Learning from Lesson Study

I am facilitating cycle three of lesson study for eleventh and twelfth grade English teachers this week. Lesson study is a professional development priority in my district. It's a two day process for each cycle: planning the research lesson and delivering the research lesson (while others gather data). We kick off the two days with a pre-meeting which lasts about an hour. We've spent that time choose our academic goal, our 21st century goal and passing out the lesson and article reading for the cycle.

I wish teachers had more time. I wish teachers felt they had more time--heck, I wish I felt that way every day. Many days I find myself mentally reciting, "There is a time for everything, and a season for every activity..." Time is the most valuable resource teachers have and like any high-demand resource, supply is limited. I love lesson study. I love how it gives me time to watch students during a lesson in order to catch and capture their learning. I don't feel most lesson study teams have that same love for data collection. I keep wanting to attach it to the time shortage, but it could be something else.
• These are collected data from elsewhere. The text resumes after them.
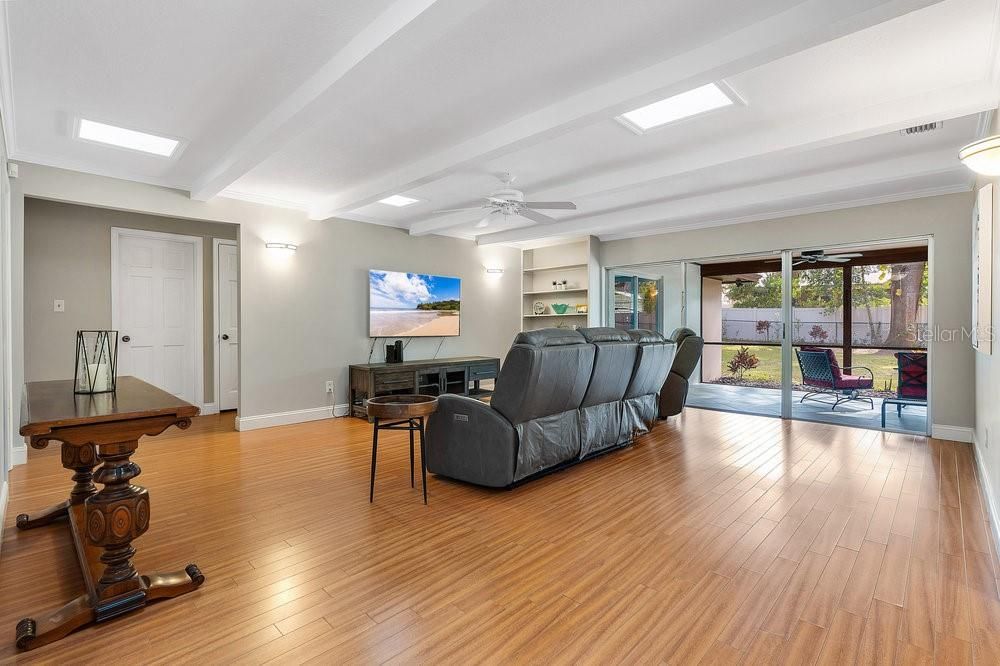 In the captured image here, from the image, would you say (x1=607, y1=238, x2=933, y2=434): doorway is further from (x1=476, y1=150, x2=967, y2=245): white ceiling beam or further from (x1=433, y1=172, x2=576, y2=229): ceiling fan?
(x1=433, y1=172, x2=576, y2=229): ceiling fan

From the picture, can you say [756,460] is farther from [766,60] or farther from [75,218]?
[75,218]

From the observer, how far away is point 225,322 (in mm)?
6152

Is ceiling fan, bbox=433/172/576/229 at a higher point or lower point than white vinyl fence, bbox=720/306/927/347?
higher

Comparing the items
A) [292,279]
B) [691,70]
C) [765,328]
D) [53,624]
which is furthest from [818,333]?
[53,624]

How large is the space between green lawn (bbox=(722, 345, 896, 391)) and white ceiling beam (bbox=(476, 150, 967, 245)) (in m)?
1.86

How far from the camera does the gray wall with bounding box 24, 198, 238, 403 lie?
4.75 m

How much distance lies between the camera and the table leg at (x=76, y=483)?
2.33 metres

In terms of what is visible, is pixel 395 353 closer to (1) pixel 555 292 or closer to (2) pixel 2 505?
(1) pixel 555 292

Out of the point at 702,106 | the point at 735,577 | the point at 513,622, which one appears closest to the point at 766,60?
the point at 702,106

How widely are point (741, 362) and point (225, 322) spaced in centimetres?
657

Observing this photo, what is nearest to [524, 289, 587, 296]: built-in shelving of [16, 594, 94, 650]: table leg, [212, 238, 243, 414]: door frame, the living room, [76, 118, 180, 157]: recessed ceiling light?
the living room

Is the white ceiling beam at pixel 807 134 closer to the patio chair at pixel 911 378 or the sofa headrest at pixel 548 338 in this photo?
the sofa headrest at pixel 548 338

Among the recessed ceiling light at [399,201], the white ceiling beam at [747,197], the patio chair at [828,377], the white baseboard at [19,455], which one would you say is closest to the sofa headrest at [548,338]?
the recessed ceiling light at [399,201]

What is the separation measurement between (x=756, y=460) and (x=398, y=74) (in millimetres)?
3788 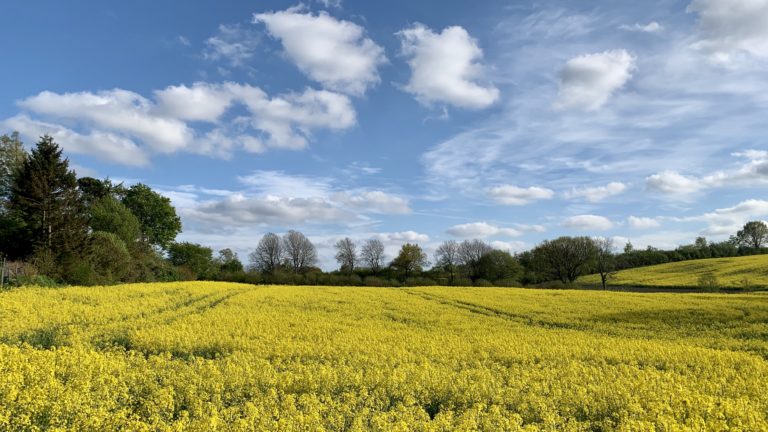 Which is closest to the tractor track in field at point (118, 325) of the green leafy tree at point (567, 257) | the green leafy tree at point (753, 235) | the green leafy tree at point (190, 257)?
the green leafy tree at point (190, 257)

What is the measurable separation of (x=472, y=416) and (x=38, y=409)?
6134 mm

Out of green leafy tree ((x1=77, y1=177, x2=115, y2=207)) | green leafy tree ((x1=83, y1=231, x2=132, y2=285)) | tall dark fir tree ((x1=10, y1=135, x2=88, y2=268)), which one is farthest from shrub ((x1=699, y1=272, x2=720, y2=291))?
green leafy tree ((x1=77, y1=177, x2=115, y2=207))

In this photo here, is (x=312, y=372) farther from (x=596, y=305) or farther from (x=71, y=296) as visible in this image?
(x=596, y=305)

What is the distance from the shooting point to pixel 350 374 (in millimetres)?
9312

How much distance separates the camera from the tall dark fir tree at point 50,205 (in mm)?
35094

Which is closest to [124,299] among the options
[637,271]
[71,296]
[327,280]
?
[71,296]

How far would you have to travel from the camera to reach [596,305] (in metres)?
29.4

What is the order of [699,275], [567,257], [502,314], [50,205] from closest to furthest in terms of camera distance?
[502,314]
[50,205]
[699,275]
[567,257]

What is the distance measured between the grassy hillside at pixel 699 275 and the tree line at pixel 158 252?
390cm

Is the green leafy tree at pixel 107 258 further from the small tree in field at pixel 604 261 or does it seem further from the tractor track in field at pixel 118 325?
the small tree in field at pixel 604 261

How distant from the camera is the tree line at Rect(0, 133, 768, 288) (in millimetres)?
35750

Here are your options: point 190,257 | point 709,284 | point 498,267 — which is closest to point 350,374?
point 709,284

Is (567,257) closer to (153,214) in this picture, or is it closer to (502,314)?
(502,314)

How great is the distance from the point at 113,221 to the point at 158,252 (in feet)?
41.3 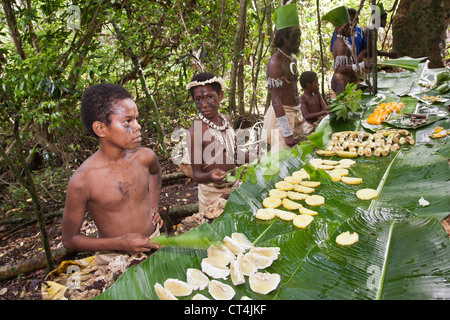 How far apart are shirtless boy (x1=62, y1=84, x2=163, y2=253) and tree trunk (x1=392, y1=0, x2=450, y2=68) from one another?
186 inches

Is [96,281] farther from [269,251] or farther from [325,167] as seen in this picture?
[325,167]

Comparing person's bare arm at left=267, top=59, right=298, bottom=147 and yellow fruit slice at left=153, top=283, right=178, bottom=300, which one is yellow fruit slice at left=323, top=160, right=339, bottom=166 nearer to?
person's bare arm at left=267, top=59, right=298, bottom=147

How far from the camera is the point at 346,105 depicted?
2.90m

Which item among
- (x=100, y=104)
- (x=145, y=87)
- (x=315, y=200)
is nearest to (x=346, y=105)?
(x=315, y=200)

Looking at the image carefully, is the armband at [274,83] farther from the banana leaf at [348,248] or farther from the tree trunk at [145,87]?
the tree trunk at [145,87]

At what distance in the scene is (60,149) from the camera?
16.5 feet

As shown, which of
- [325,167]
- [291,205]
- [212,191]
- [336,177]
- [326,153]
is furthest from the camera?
[212,191]

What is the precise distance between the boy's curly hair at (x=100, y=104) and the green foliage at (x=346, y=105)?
1.96m

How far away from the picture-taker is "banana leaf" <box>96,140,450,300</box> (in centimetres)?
111

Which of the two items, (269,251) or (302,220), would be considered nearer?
(269,251)

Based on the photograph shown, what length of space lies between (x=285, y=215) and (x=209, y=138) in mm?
1028

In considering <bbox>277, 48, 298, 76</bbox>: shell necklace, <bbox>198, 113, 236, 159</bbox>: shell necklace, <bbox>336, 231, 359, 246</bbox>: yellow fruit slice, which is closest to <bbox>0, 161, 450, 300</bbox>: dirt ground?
<bbox>198, 113, 236, 159</bbox>: shell necklace

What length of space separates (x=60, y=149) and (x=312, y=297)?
494 cm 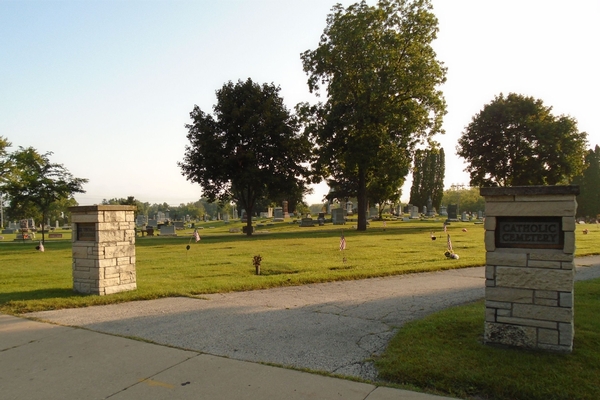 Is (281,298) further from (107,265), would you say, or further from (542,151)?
(542,151)

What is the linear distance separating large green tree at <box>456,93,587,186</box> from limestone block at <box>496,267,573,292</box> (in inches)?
1453

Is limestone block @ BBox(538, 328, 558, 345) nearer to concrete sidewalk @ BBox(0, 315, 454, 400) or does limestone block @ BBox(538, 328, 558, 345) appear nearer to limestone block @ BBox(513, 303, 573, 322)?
limestone block @ BBox(513, 303, 573, 322)

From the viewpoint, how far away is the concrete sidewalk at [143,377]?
12.0ft

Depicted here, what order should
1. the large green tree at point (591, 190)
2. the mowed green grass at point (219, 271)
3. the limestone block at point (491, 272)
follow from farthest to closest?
the large green tree at point (591, 190) → the mowed green grass at point (219, 271) → the limestone block at point (491, 272)

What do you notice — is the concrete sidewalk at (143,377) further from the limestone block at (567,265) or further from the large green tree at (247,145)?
the large green tree at (247,145)

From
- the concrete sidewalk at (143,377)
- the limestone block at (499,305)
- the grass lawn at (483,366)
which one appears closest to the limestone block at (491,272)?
the limestone block at (499,305)

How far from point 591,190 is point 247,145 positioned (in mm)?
57536

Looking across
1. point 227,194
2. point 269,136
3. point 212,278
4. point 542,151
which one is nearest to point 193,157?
point 227,194

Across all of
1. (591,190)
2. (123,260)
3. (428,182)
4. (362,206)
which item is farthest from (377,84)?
(591,190)

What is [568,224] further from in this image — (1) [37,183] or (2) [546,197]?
(1) [37,183]

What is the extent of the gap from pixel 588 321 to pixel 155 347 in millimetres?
5489

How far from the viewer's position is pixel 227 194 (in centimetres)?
3034

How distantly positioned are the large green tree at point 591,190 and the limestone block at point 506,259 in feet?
224

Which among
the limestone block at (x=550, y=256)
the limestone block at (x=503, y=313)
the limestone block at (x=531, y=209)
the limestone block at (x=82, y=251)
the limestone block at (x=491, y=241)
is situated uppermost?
the limestone block at (x=531, y=209) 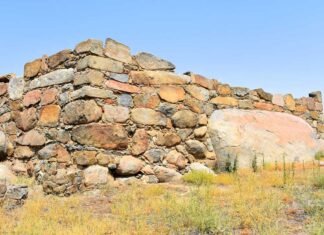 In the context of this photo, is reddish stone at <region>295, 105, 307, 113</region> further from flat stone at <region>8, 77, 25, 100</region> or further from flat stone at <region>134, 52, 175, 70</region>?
flat stone at <region>8, 77, 25, 100</region>

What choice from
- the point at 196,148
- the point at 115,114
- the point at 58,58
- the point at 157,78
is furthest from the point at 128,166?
the point at 58,58

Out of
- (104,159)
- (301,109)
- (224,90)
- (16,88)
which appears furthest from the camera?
(301,109)

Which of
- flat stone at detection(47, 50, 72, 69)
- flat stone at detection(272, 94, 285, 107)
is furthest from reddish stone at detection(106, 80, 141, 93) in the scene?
flat stone at detection(272, 94, 285, 107)

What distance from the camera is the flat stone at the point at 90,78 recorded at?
6113 millimetres

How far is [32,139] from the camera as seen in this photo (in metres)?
6.94

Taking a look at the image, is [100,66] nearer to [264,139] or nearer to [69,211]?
[69,211]

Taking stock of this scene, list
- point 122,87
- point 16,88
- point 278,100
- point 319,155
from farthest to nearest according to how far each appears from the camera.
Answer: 1. point 278,100
2. point 319,155
3. point 16,88
4. point 122,87

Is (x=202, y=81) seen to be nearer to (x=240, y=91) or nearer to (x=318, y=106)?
(x=240, y=91)

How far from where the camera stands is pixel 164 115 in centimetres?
694

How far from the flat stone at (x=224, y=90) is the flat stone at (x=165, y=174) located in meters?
2.28

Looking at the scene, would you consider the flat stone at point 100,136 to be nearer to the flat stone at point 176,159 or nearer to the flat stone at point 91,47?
the flat stone at point 176,159

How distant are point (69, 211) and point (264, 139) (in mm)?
4976

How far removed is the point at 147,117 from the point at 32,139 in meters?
2.02

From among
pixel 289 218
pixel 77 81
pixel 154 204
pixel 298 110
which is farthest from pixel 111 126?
pixel 298 110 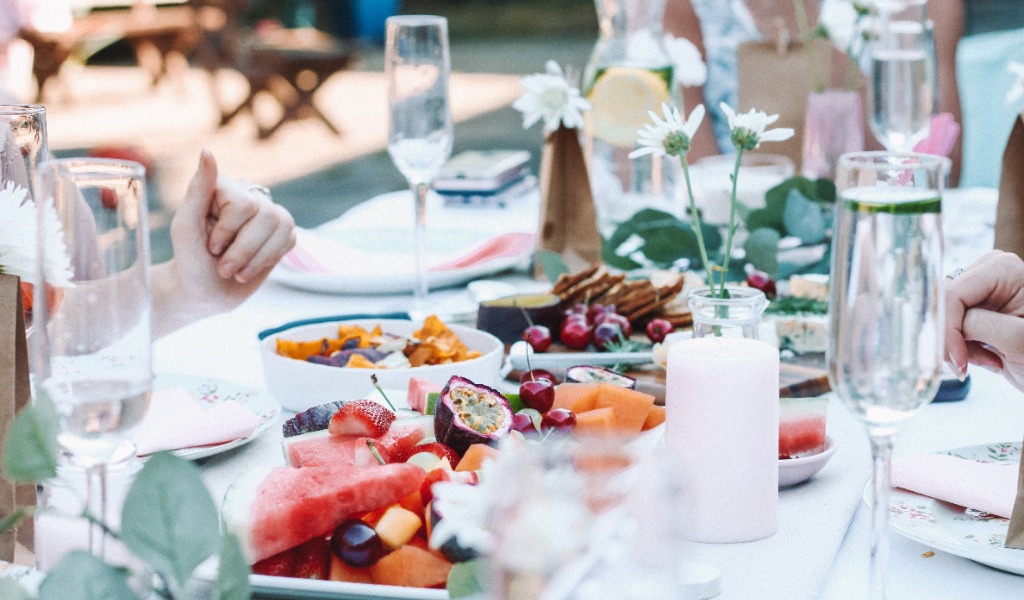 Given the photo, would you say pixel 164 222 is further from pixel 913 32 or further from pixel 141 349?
pixel 141 349

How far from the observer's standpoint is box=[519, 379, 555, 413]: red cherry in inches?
41.9

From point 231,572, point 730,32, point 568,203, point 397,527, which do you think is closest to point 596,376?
point 397,527

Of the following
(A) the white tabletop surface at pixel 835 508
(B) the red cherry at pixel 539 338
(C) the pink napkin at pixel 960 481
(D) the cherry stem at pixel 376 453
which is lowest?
(A) the white tabletop surface at pixel 835 508

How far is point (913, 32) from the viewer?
1853mm

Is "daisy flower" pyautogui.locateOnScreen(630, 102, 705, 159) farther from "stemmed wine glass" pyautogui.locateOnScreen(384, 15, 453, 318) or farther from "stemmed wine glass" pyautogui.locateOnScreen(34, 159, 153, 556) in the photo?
"stemmed wine glass" pyautogui.locateOnScreen(384, 15, 453, 318)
This team met on Tuesday  to plan the research lesson and today one of the team will teach the lesson to another's class while the rest of us eagle-eye students, listen in and gather data. We are investigating student learning. Our goal is to find out if students learn what the team intends for them to learn in the lesson. The team selected "integrate and evaluate multiple sources of information presented in different media" as their academic and learning goal. I wonder how that goal will go over with students. Will students see and understand it's meaning--there's a lot in there. How can I lead teachers to dig out the details?

I've written about lesson study before here. Today, I'm not thinking (yet) about the takeaways this team of teachers will come to; instead, I'm wondering how I can support them as we gather and analyze student data. There are gems we could unearth. We'll see what happens. It's time to begin!

Enjoy Thursday!


  1. I am so excited to bump into someone else doing lesson study! I am a pd service provider from NY, and many of the districts that I serve have moved with me in this direction over the last dseveral years. I've done everything from workshops to online courses to instructional coaching at this point, and while each experience has its place and purpose, I tend to learn the most from lesson study, and teachers do too. Putting that close eye on instruction--and kids--illuminates so many surprising and critical things. I'm wondering: is your data capture guided by prompts or focal points?

    1. Hi, Angela,
      Lessson study is fantastic professional development. This is my fourth year facilitating it and though teams start at different places (as a team and as teachers), I am always amazed at how much they and I learn along the way. My district uses materials developed by the Developmental Studies Center to guide lesson study and DSC recommends using prompts--behavior and learning markers generated by the team--to guide data collection. That being said each site adapts the materials to fit their needs or the needs of different teams. We approach data capture more organically, so we are not going into a lesson with too many preconceived ideas to "tally" instead we look for what students are saying, doing or showing and then take that raw data and look for patterns that tell us if and what students learned. How do you help teachers gather data during a research lesson?